Jean-Jacques Quisquater: “la vigilance est plus que jamais de mise”

Hors-cadre
Par · 17/05/2018

En préambule à l’inauguration du département Digital Security Center (DSC) de TechnocITé, lancé en partenariat avec l’Eurometropolitan eCampus, Jean-Jacques Quisquater, expert belge bien connu en matière de cryptographie (1), n’a pas manqué de souligner ô combien il est important pour tout un chacun – simple citoyen, professionnel ou expert – de s’intéresser plus que jamais de près aux cyber-risques qui envahissent notre quotidien.

“La cyber-sécurité concerne chacun, à son niveau. Nous sommes tous concernés. Il n’est plus possible de se contenter de la cyber-sécurité IT telle qu’on l’enseignait voici 10 ans.

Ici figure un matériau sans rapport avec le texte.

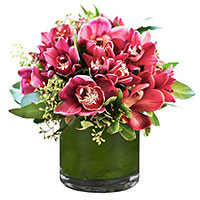 Delicate Seasons Finest Choice Pink Cymbidum Orchids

Les objets connectés, devenus fort familiers (brosse à dents, montre, pèse-personne, éclairage…), peuvent être l’occasion d’un piratage et d’une prise de contrôle extérieure malfaisante.

Jean-Jacques Quisquater: “La cyber-sécurité ne doit pas être vue comme un obstacle mais bien comme une garantie d’existence continue d’une société dans un contexte opérationnel.”

Nous sommes par ailleurs entourés de faux comptes Facebook, de fake news… Pendant les trois premiers mois de cette année, Facebook a supprimé pas moins de 500.000 faux comptes, soit environ un-quart du total. Voilà notre contexte actuel. Nous sommes entourés de faux…

Le simple volume des comptes supprimés doit nous amener à nous rendre compte à quel point cet outil n’est pas fiable – sans compter qu’il nous espionne.

A titre personnel, j’estime par exemple scandaleux que certains médias ne proposent désormais plus qu’un compte Facebook comme unique possibilité de s’identifier.

La question se pose dès lors de promouvoir d’autres outils, plus fiables, plus soucieux de nos intérêts personnels.

Pour en revenir à la cyber-sécurité, dans son ensemble, il faut renforcer la vigilance, veiller à une sensibilisation de bonne qualité, à jour et mobilisante. Les besoins en formation sont bel et bien immenses.”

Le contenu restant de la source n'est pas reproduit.